The daffodils have started to bloom, but the temperatures have dipped into the low 20s and may kill them off. Yesterday, snow blanketed the mountain tops and while driving to work I drove through a squall that made it difficult to see – a corvette had spun out and was in a ditch. Times of transition can be turbulent in their see-saw ups and downs, their push-pull back and forth. This seems to be a big-T truth as we look for balance in the world, in nature, in our relationships.
Lately, when I’ve sat down to write, I’ve been preoccupied with these notions of time, attention, balance, and purpose. The title of my last post was a nod to Pink Floyd’s song “Time.” I’ve had the lyrics open in a browser tab for a few days. I grew up listening to Floyd – mostly The Wall and Dark Side of the Moon. I never cared for the jarring alarm clock beginning of “Time,” but have always appreciated the lyrics – a wistfulness (perhaps critical) for the inevitable slipping away and ticking away – often unnoticed until it’s gone.

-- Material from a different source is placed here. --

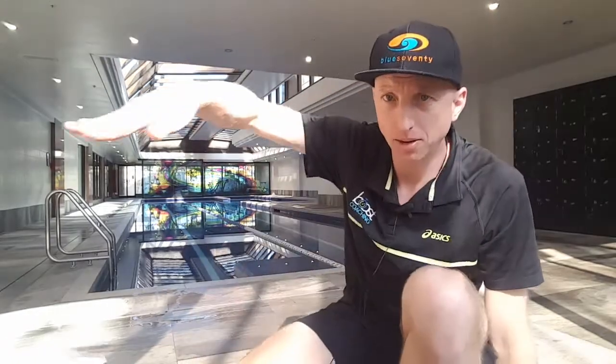Hi, it's Andrew here from Boost Coaching, and in this week's tip I want to talk to you about the catch. A lot of people struggle to get a good feel for the catch. What I want you to think about is: don't think about the stroke starting at the water's surface at the entry, as most people will push down on the water at this point — they come into the entry and push down on the water.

Ticking away the moments that make up a dull day
You fritter and waste the hours in an offhand way
Kicking around on a piece of ground in your home town
Waiting for someone or something to show you the way.
I feel guilty when I fritter – guilty when I mindlessly consume garbage on Facebook or Twitter – ten minutes here and there. Minutes that fill small voids but in sum, make up days lost to passive inattention… how little it yields in terms of pressing me to see or think or feel. How little it inspires. My only justification in frittering away is that even those moments are an exploration of humanity and our modern digital condition.
As I frittered today, I saw a post from an uncle. It was a meme taking a shot at millennials – the good old trope of the old guard calling the new guard weak or sissies, or unable to cope. It was for all those born before the 1990s and said, “First, you survived being born to mothers who took aspirin, ate blue cheese dressing, tuna from a tin, and didn’t get tested for diabetes…. After that trauma, your baby cots were covered with bright colored lead-based paints….” etc. etc. As if improvements in science, like testing for diabetes, is bad…. I didn’t read the whole thing, but I paused briefly to think about that sort of mentality. The voice of grievance dripping through – a mix between the “adversity makes us stronger” crowd and the “I survived and am doing fine, so why do you need to be pampered with your avocado toast” crowd… The more I see those types of things, the less I want to be around aggrieved and bitter people. It seems like such a closed-minded way to live – as though progress and change are bad because they don’t benefit me directly – a reverse compassion of sort.
Because I couldn’t come up with anything cohesive for this blog post, the plan was to jump around a little bit. Spring like temperatures one day, cold the next – form following function or something like that. In addition to writing about change (seasons, etc.) and the martyrdom of the aggrieved, I was going to write about how I’ve been missing my cat, Nick, lately. While I didn’t get the dog as a replacement, it’s hard not to observe how different the two are. Nick was my zen, chill guy. His affection was sweet and he just seemed like a gentle soul. Kimbrough’s affection is a little more over the top. He’s hyper and goofy and sometimes a pain in the ass. Kimbrough is a different type of buddy… but I still miss my bud Nick.
All of that was where my head was this morning. But by afternoon as I settled in to re-reading the lyrics to “Time” I realized the blog post I may have wanted to write would have been about how my sense of time, loss, and the complex nature of memory and desire has been influenced by all of those songs I listened to as a child – the ones about the slow march of and distance created by time, the ones that told somewhat sad and complicated stories. Scrolling through the Youtubes, I was reminded of Paul Simon’s “Slip Slidin’ Away,” Harry Chapin’s “Cat’s in the Cradle,” and David Bowie’s “Space Oddity,” or any number of Beatles songs – “She’s Leaving Home,” “Fixing a Hole,” “Strawberry Fields,” “While My Guitar Gently Weeps,” “Eleanor Rigby.”
But that’s not the post I explored… I lost steam and the sentiment has, more or less, gone.